Primeval BBCSeason 1 and Season 2 of Primeval are available on DVD now. I’m fixing to watch the season finale I TiVoed, as soon as I finish writing this. I admit that part way through, it was like the actors all decided they wanted to look more movie star-like. So pacifist animal and monster savior Nick starts toting guns, Connor gets a Fallout Boy makeover, Helen gets a butch haircut and starts showing off a lot more cleavage and a lot more crazy, Steven goes from being fearless white hunter to over-the-top A-Team steely-blue gaze action hero, and the useless bureaucrat character gets all high fashion as a useless publicist character. Apparently messing with time makes people’s fashion sense improve. Although I like pretty things as well as anyone, I feel like actors who are excessively concerned with looking hot are inadequately dedicated to their craft. Nonetheless, the makeovers are at least nominally explained by the time anomalies and nothing is as egregious as the designer duds and please-pass-the-steroids on Heroes. Primeval is not edge-of-your-seat, change-your-life television in the first place. Primeval is a bit of dependable entertainment with some really great creature effects and a moderately appealing cast.
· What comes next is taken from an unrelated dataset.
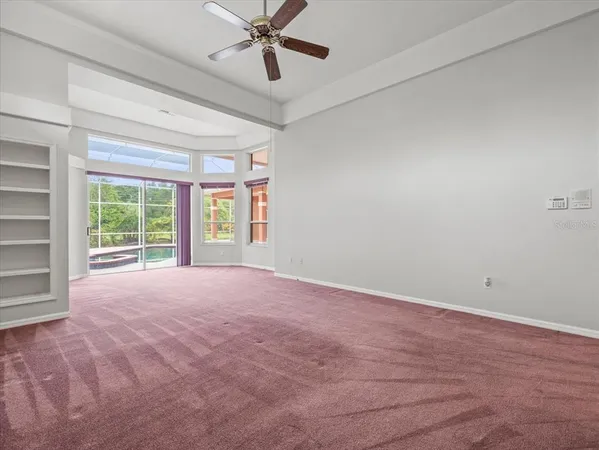 $1,500,000 | 7303 Sawgrass Point Drive, Pinellas Park, FL 33782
The only one who doesn’t seem to change a bit from all the time portal anomalies and all the television exposure is Ben Miller’s Lester the head bureaucrat. He is delightfully sarcastic and hilarious and dresses in awfully expensive suits for a government man from day one. Fun factoid to know and share: Of the entire cast, all the scientists are played by actors. Only the bemused Director of Time Traveling Dinosaur Containment, or whatever Lester’s title is, is actually a scientist as well. Ben Miller was writing his thesis on Novel Quantum Effects In Quasi-Zero Dimensional Mesoscopic Electrical Systems, when he decided he would rather be on stage and screen instead. I’m not sure what Novel Quantum Effects In Quasi-Zero Dimensional Mesoscopic Electrical Systems are, but they almost sound like dimensional portals which would facilitate time travel and entertaining television.